*** Opening PROVIDED RECORDS ***

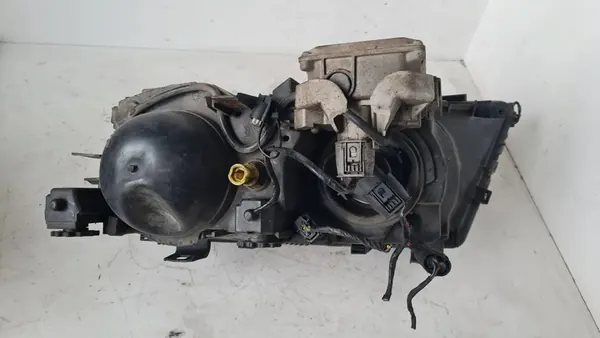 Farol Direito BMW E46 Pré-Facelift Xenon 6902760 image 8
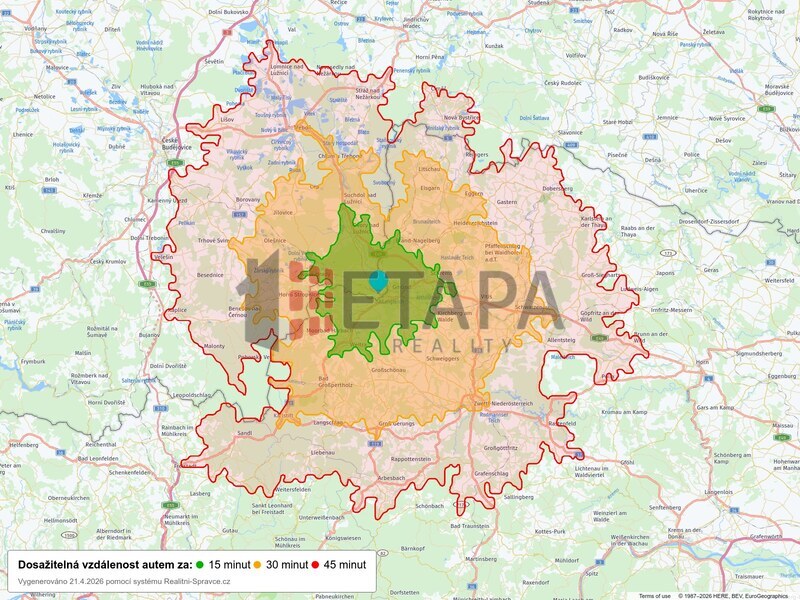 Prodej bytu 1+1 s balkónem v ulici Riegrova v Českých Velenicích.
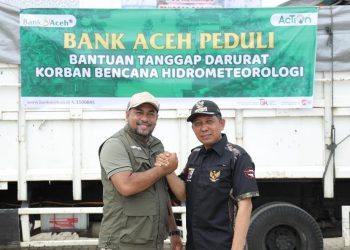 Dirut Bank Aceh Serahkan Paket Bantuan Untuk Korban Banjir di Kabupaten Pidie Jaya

*** Closing PROVIDED RECORDS ***
*** Opening PROVIDED RECORDS ***

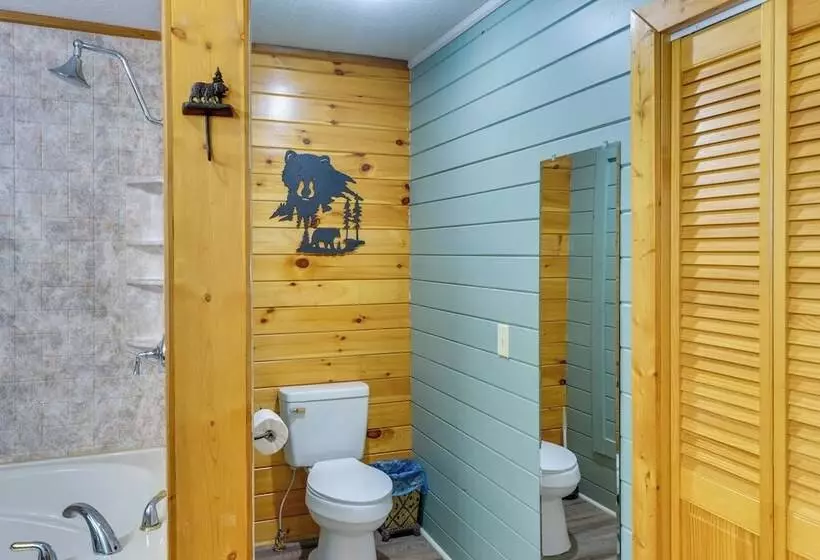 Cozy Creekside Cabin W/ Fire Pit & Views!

*** Closing PROVIDED RECORDS ***

_EXERCISE DIRECTIONS_
Leaving each picture behind, please give again exactly the lines above from the one with "Prodej bytu 1+1" through the one with "Dirut Bank Aceh", both included, and no others.

_OUTPUT OF THE EXERCISE_
 Prodej bytu 1+1 s balkónem v ulici Riegrova v Českých Velenicích.
 Dirut Bank Aceh Serahkan Paket Bantuan Untuk Korban Banjir di Kabupaten Pidie Jaya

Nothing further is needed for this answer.